Difference between Pressure and Pressure Energy in fluids For a fluid with viscosity to flow through a pipe that has the same cross-sectional area at both ends, at a constant velocity, there has to be a pressure difference according to Poiseuille's Law.
Why exactly is there a change in pressure required to keep the velocity constant?
Is it because according to Bernoulli's principle that Pressure or Pressure-Energy gets converted to Kinetic Energy to speed up the fluid so the mass flow rate at both ends of the pipe stays the same?
So if that's the case in light of Bernoulli's principle, that means the change in pressure in Poiseullie's Law is there so that pressure energy gets converted to Kinetic Energy to fight off the viscosity of the fluid to keep the velocity of the fluid constant?
And
What exactly is Pressure? I know it is the Force divided by the area. I understand that concept, but I've seen the terms Pressure and Pressure Energy used interchangeably when talking about fluids, which creates for some amount of confusion. Aren't Pressure and Pressure Energy different? 
But when we talk about fluids in light of Bernoulli's principles, it seems as if Pressure and Pressure Energy are the same, which is pretty confusing.

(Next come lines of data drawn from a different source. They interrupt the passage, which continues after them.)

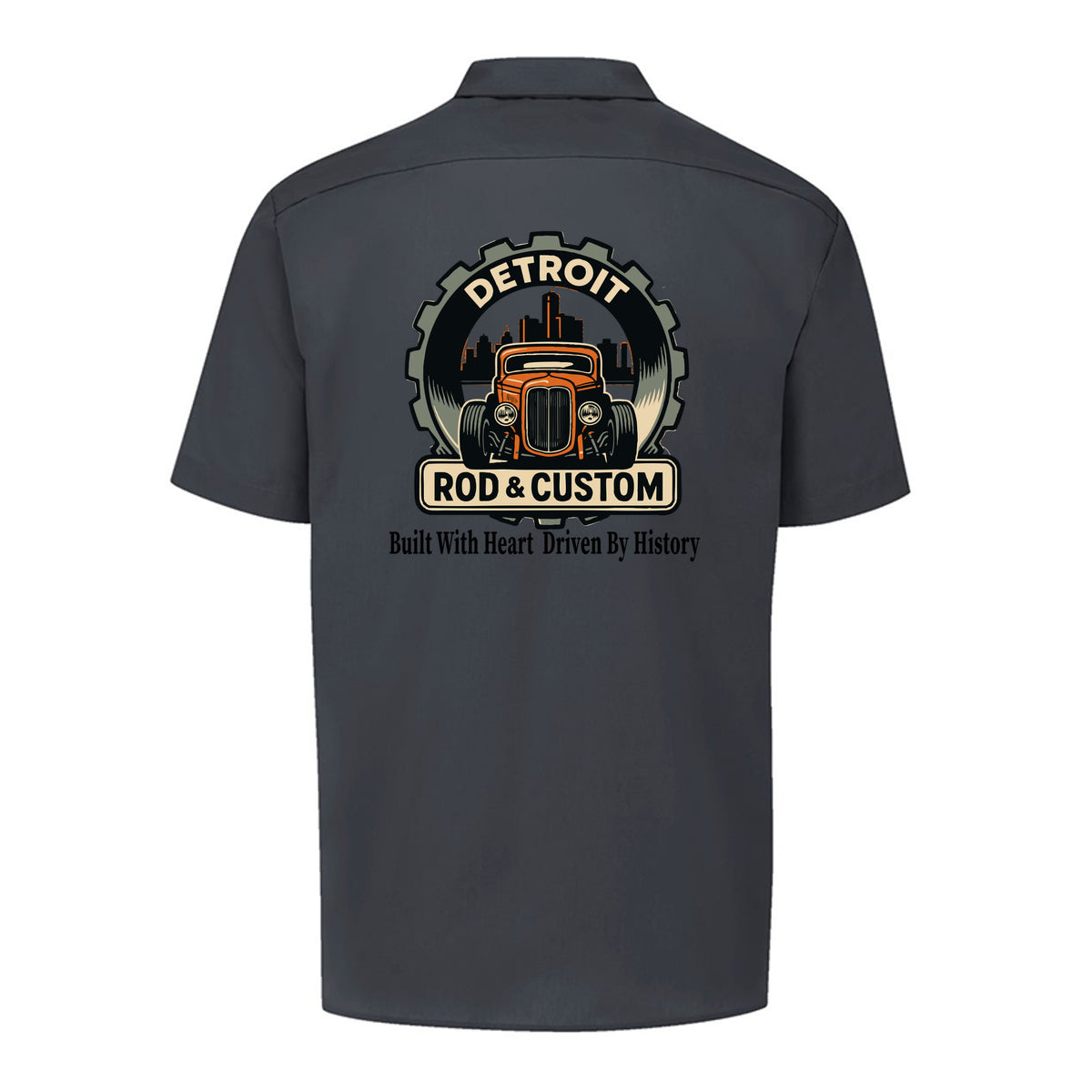 Back of a dark charcoal Dickies short-sleeve work shirt with an orange hot rod coupe in a DETROIT ROD & CUSTOM gear badge over the Detroit skyline, with Built With Heart Driven By History below.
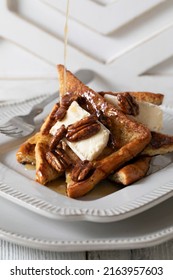 Grand Marnier And Brie French Toast With Syrup And Candied Pecans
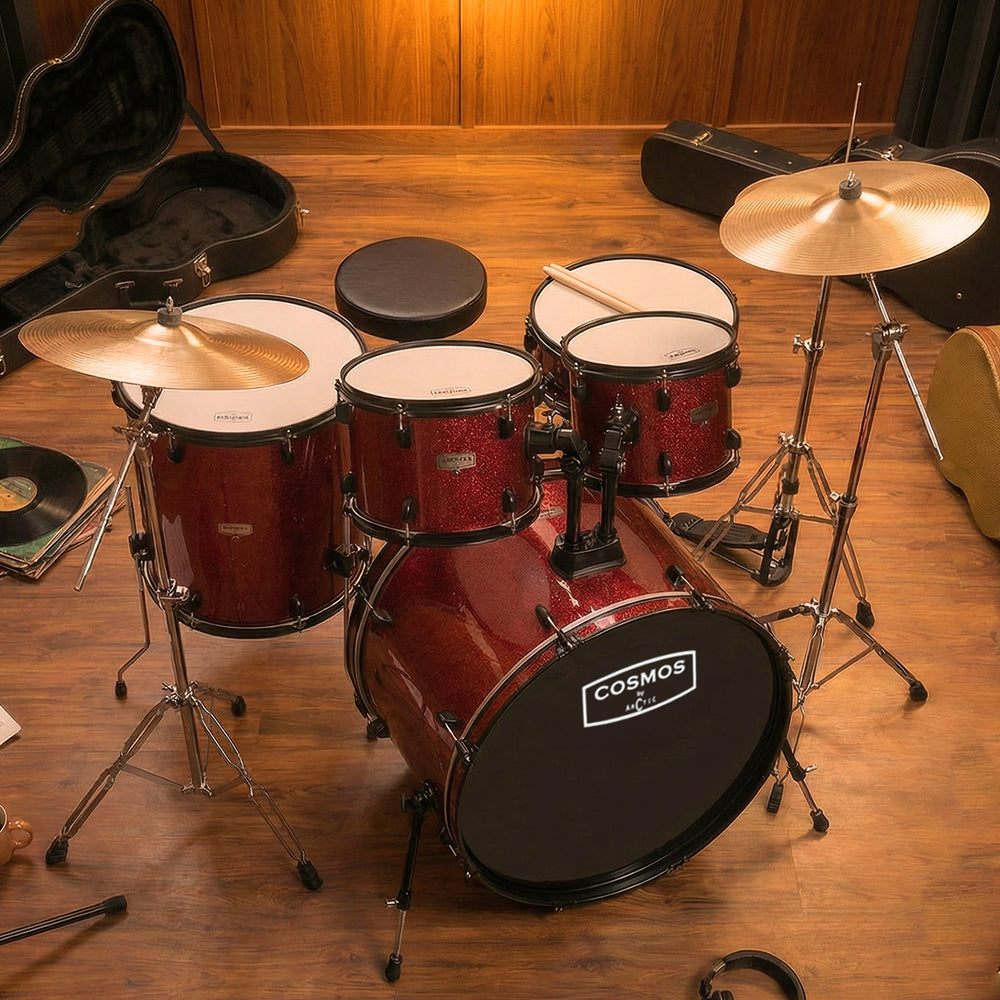 Three-quarter angled display of a metallic red 5-piece acoustic drum set, highlighting the modern shell finish and hardware.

 A: To answer your first question, I like to think about it in terms of momentum instead of energy—the pressure drop across a channel supplies momentum to the fluid that is then dissipated by the viscous effects. Hence there are no net forces in the flow, and the flow is consequently steady assuming the channel's cross-section is constant. Remember that Poiseuille's law is derived precisely by assuming that the viscous forces exactly compensate for the pressure gradient:
$$-\nabla p + \mu \nabla^2 \vec{v} = 0$$
Your second question is much more subtle. In a fluid, I think of pressure as being a molecular energy density, which causes normal forces per unit area on real/imaginary surfaces that have a magnitude equal to this energy density. (These aren't the only forces per unit area a fluid can exert on a surface, but you get my point.) In that sense, this molecular energy density only represents one source of energy for the fluid—other sources include the macroscopic kinetic energy and the gravitational potential energy, both of which Bernoulli's law accounts for.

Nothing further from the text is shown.